Cramer's Top 3 Foreign Stocks in Developed Countries
With all the governmental shenanigans and uncertainty swirling around Washington, it makes sense that investors will find comfort putting at least some of their money overseas, away from an environment Cramer calls "downright hostile to business." In one of his big themes and important trends for 2010, Cramer is suggesting investments in countries that are safer for doing business than in the US.
Instead of focusing on the emerging markets, Cramer is looking to developed countries with similar features... places that he believes have "more respect" for private industry than the current US Government. Countries with more pro-growth policies that are more natural resource focused and who are hedged against huge budget deficits.
What countries fit the bill? Norway, Australia and Canada, says Cramer, who thinks these countries are more business friendly than the US. But remember Cramer's rule that you only want to have 20% of your portfolio invested in foreign equities, so if you own ten stocks altogether, consider only buying two of these picks.
First off, Norway: With a strong currency, the country exited the recession in August and the country's central bank tightened its monetary policy of late, leading Cramer to believe that the country is now out of the woods. The country also had a large stimulus package (4.7% of GDP), maintains a budget surplus and big oil reserves. The reserves are why Cramer's favorite angle for the country is in oil, his favorite pick being Statoil, which is the sixth-largest European oil firm out there. After cutting costs rapidly, the company is also well exposed to oil prices, says Cramer, as a $1 increase in oil translates to a 3.6% in earnings, versus the 2.1% experienced by the rest of the sector.
Next up: Australia. Another resource driven economy with close proximity to China, Australia was the first G-20 country to raise interest rates since the financial crisis, and with two stimulus packages and the country's GDP only shrinking by 0.25%, the country virtually avoided the recession.

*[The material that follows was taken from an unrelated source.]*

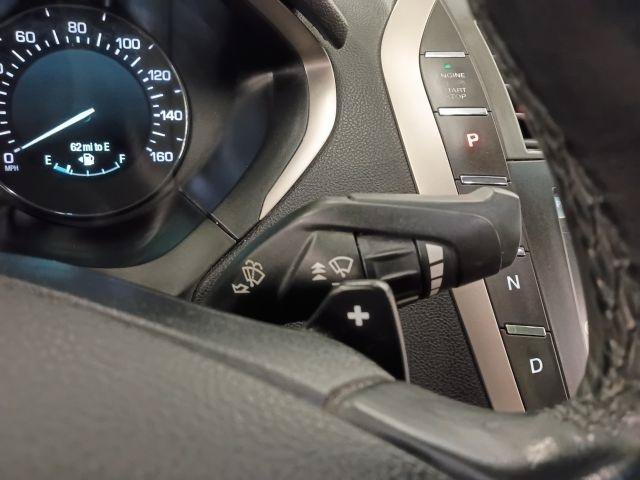 Used 2016 Lincoln MKZ w/ Equipment Group 200A Select FWD image 33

Cramer's pick down under is BHP Billiton, which is also the largest mining company on the planet and a stock Cramer has suggested as one of the 12 to buy into the recovery. With major natural resources like aluminum, copper, iron ore, coal, nickel, zinc, lead, uranium and oil, Cramer looks at BHP as a "one stop shop" for these mined commodities. With a good amount of cash on its balance sheet, the company is set to make acquisitions and profit big from any increase in Chinese demand.
Lastly: Canada. Again, a resource driven economy, 13% of the country's GDP comes from natural resources. With a stable financial system permeated by strict regulation and oversight, the country's banking system was hit nowhere near as hard as the US system. Last year, Cramer points out, the country faced its first budget deficit in 11 years, but the government should be back in the black in 2010. So what's Cramer's play in Canada? He likes the Bank of Nova Scotia, which also offers a 4.1% dividend yield. One of Canada's largest banks, it also boasts the most international exposure, with 38% of the company's loans extended beyond its borders. With tier 1 capital ratios at 10.7%, it's in much better shape than the average bank in the US. Right now the street right now is relatively bearish, but with the potential for upgrades, Cramer thinks there is plenty of potential on the up side.
What's the bottom line? Cramer recommends keeping 20% of your portfolio in countries that are more business friendly than the US, with healthier budgets, better policies and more natural resource exposure. The stocks he recommends are Statoli in Norway, BHP Billiton in Australia and Canada's Bank of Nova Scotia.